I have noticed that the performance on test data improves if I change the code for :
y_pred = cross_val_predict(clf, X_test, y_test, cv=5)
AUC = metrics.roc_auc_score(y_test, y_pred)
print(AUC)
Indeed, AUC=0.87 for C=1 and 0.9 for C=0.01. Why is the AUC score so much better using cross validation predictions ? Is it because cross validation allows to make predictions on subsets of the test data which do not contain objects/samples which decrease the AUC ?
Looks like you are encountering an overfitting problem, i.e. the classifier trained using the training data is overfitting to the training data. It has poor generalization ability. That is why the performance on the testing dataset isn't good.
cross_val_predict is actually training the classifier using part of your testing data and then predict on the rest. So the performance is much better.
Overall, there seems to be quite some difference between your training and testing datasets. So the classifier with the highest training accuracy doesn't work well on your testing set.
Another point not directly related with your question: since the number of your training samples is much smaller than the feature dimensions, it may be helpful to perform dimension reduction before feeding to classifier.
It looks like your training and test process are inconsistent. Although from your code you intend to standardize your data, you fail to do so during testing. What I mean:
clf = make_pipeline(StandardScaler(), LogReg)
LogReg.fit(X_train, y_train)
Although you define a pipeline, you do not fit the pipeline (clf.fit) but only the Logistic Regression. This matters, because your cross-validated score is calculated with the pipeline (CV_score = cross_val_score(clf, X_train, y_train, cv=10, scoring='roc_auc')) but during test instead of using the pipeline as expected to predict, you use only LogReg, hence the test data are not standardized.
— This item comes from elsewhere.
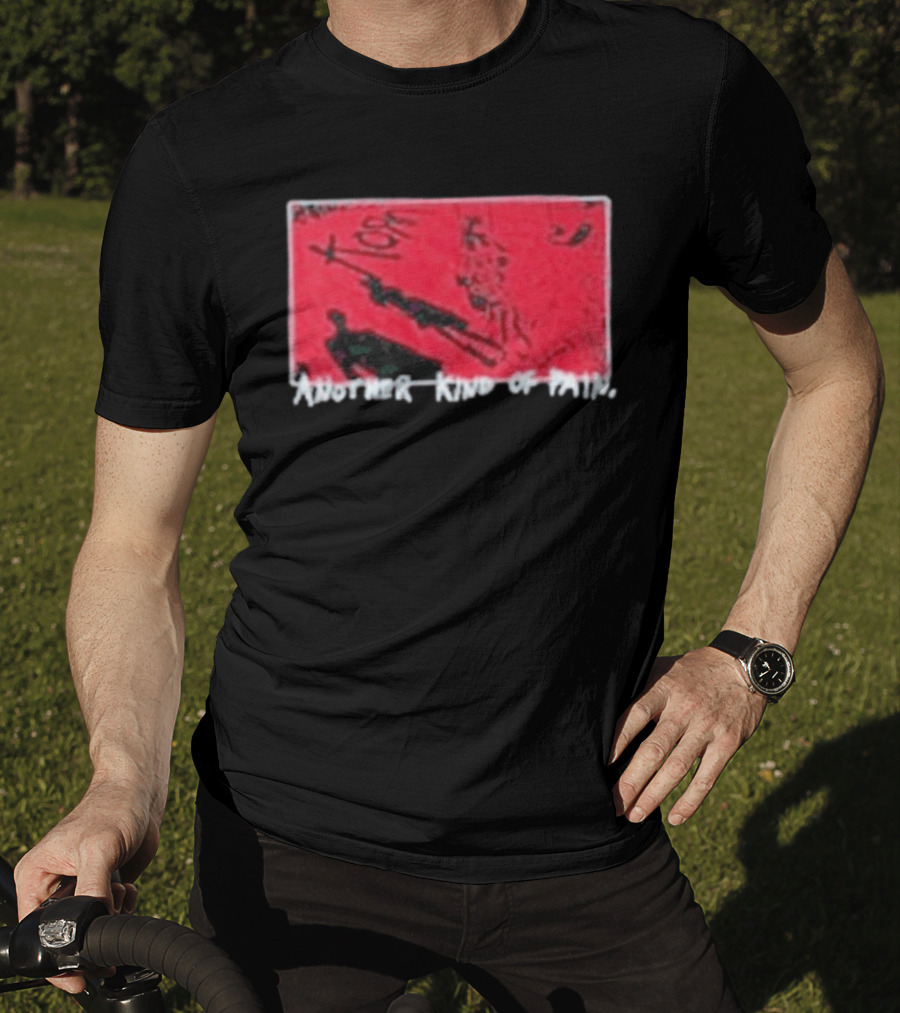 Korn Another Kind Of Pain Red T-Shirt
The second point you raise is different. In y_pred = cross_val_predict(clf, X_test, y_test, cv=5)
you get predictions by doing cross-validation on the test data, while ignoring the train data. Here, you do data standardization since you use clf and thus your score is high; this is evidence that the standardization step is important.
To summarize, standardizing the test data, I believe will improve your test score.
Firstly it makes no sense to have 258 features for 60 training items. Secondly CV=10 for 60 items means you split the data into 10 train/test sets. Each of these has 6 items only in the test set. So whatever results you obtain will be useless. You need more training data and less features.